Rodrigo permanece entonces unos instantes observando al enfermero en silencio que, impasible, le sostiene la mirada, seguro de que su apuesta es ganadora. Después de atusarse la barba y de pasarse los dedos por entre el cabello, intentando que vuelva a su ser, habla de nuevo:

—Vamos a hacer una cosa, Isaac. Creo que eres un tío listo, de hecho creo que eres un tío muy listo y, si nos ponemos de acuerdo, vas a conseguir el doble de lo que teníamos pactado.

—Parece que nos vamos entendiendo.

—Verás: He decido que lo mejor para mis investigaciones es sacar a Nina de este sitio y llevármela conmigo.

—Joder, doctor. —La propuesta del médico le coge con el paso cambiado.

—Escúchame atentamente, Isaac. —Se acerca a él y le pone la mano en el hombro—. Nina es un caso importantísimo, una paciente cero. Si te soy sincero no se ha documentado a nadie en su situación en los últimos cincuenta años. He leído sobre alteraciones similares, he rebuscado en bibliotecas, en internet, en sanatorios mentales… Nada, no he encontrado a nadie, en persona, que sufra los mismos síntomas que padece Nina. Es un mirlo blanco, Isaac, un caso crucial.
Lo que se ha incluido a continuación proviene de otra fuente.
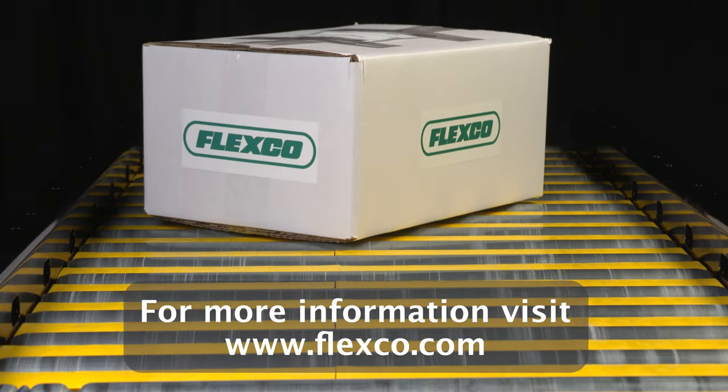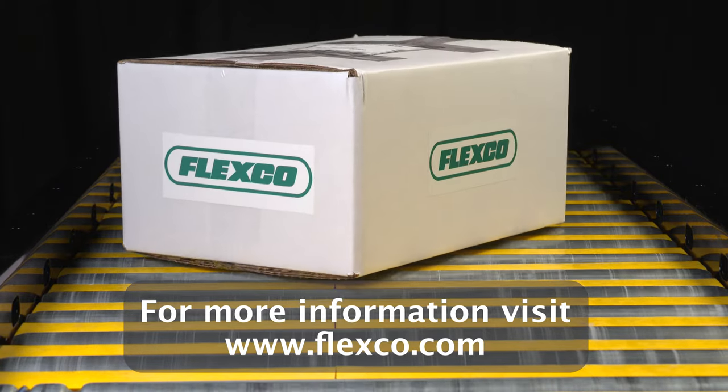For more information about roller conveyor transfer plates, visit Flexco.com.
—Ya. De ahí lo de doblar la cantidad pactada.

—Claro, hombre, claro. Yo no tengo demasiado dinero pero no paso por ningún tipo de apuro económico y la investigación científica es mi pasión, Isaac, es mi vida. Tengo unos ahorros y, lo que es más importante para ti, no tengo ningún problema en sacarlos de donde están y dártelos.

—No sé, doctor, hablamos de algo serio. Sacar a Nina del sanatorio es una cosa peligrosa, es jugársela. Joder, es un delito. Ojo, no digo que no esté dispuesto a hacer ciertas cosas pero un delito es un delito.

—Escucha. Voy a serte sincero. Creo que necesitas saber la verdad. Este asunto es un poco más complejo de lo que tú piensas y hay algunos datos que desconoces. Espero que entiendas que esto, igual que el resto de nuestro acuerdo, es algo que deberás mantener en el más absoluto secreto durante el resto de tu vida. Sé que sabes lo que significan la lealtad y el honor, Isaac.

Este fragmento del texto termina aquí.